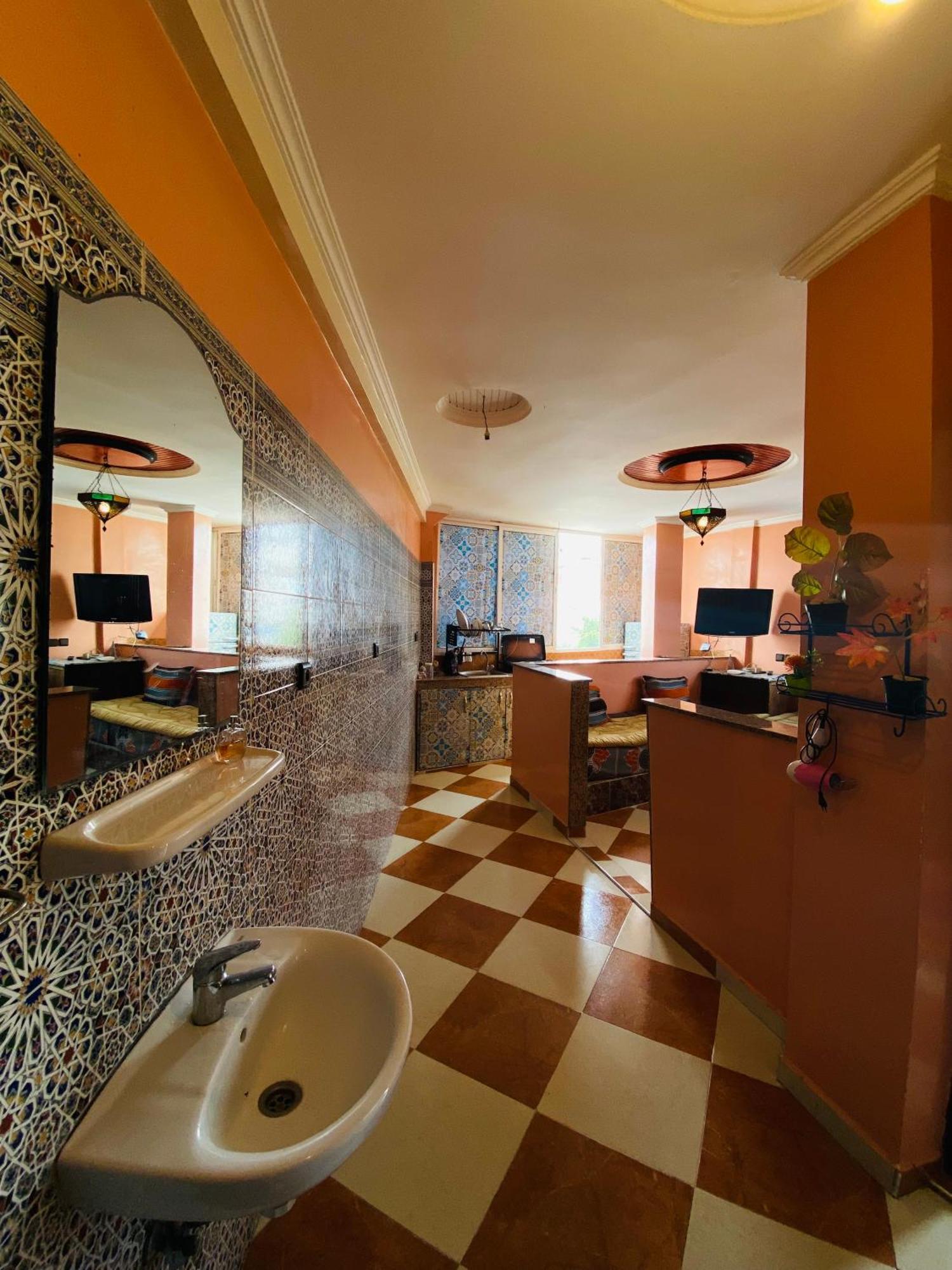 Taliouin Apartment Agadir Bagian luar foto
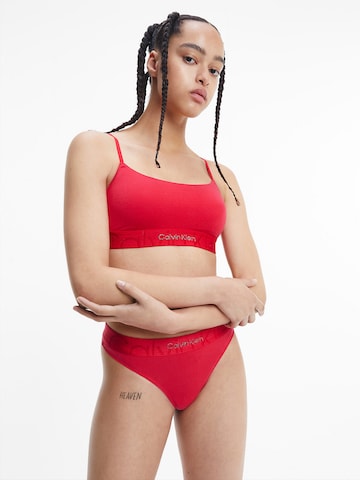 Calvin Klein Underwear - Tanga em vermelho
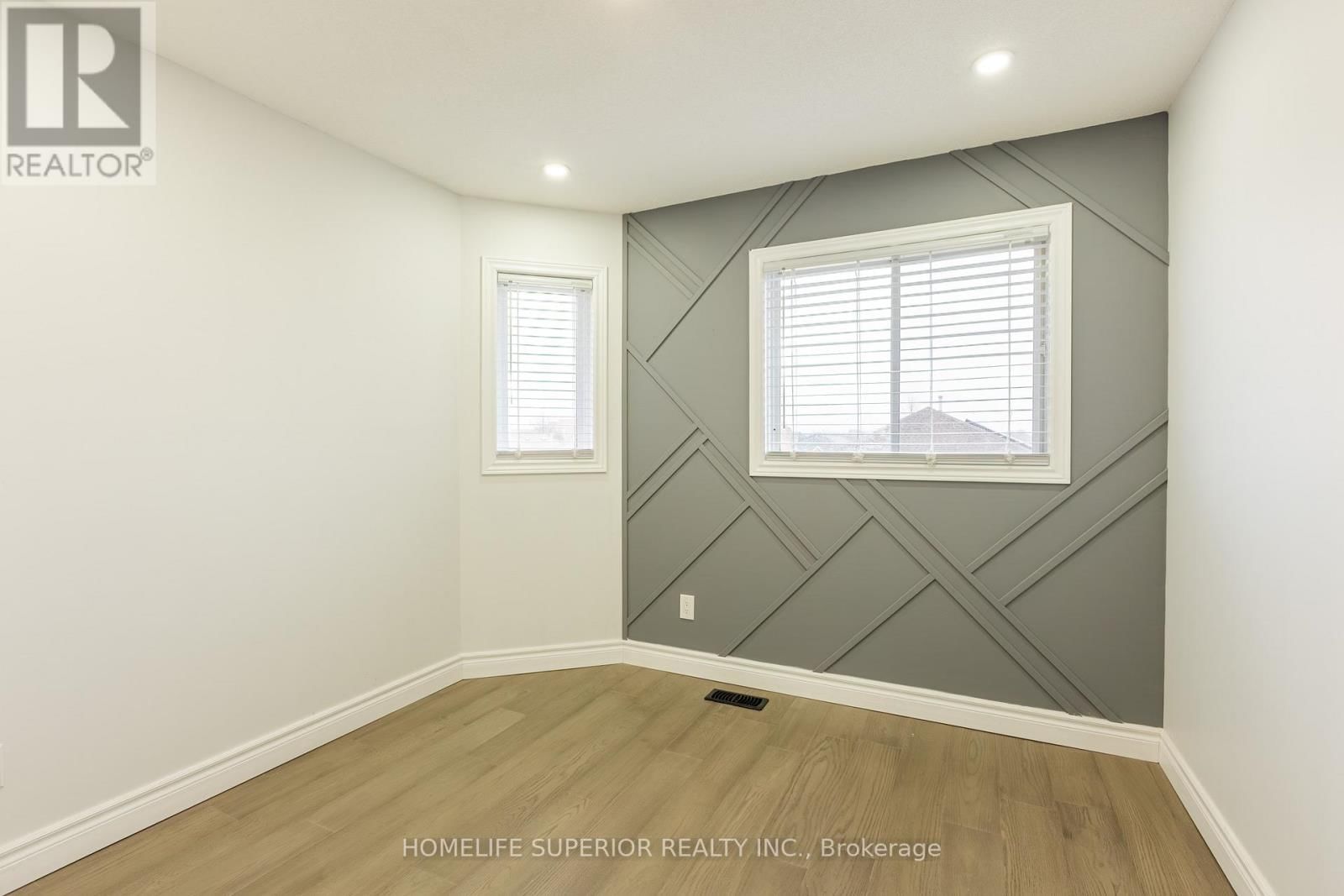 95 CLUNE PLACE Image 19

#### [WHAT TO PRODUCE]
All lines from the one that contains "Calvin Klein Underwear - Tanga em vermelho" through the last line of the data should be retyped exactly, with the pictures left out.

#### [WRITTEN SOLUTION]
 Calvin Klein Underwear - Tanga em vermelho
 95 CLUNE PLACE Image 19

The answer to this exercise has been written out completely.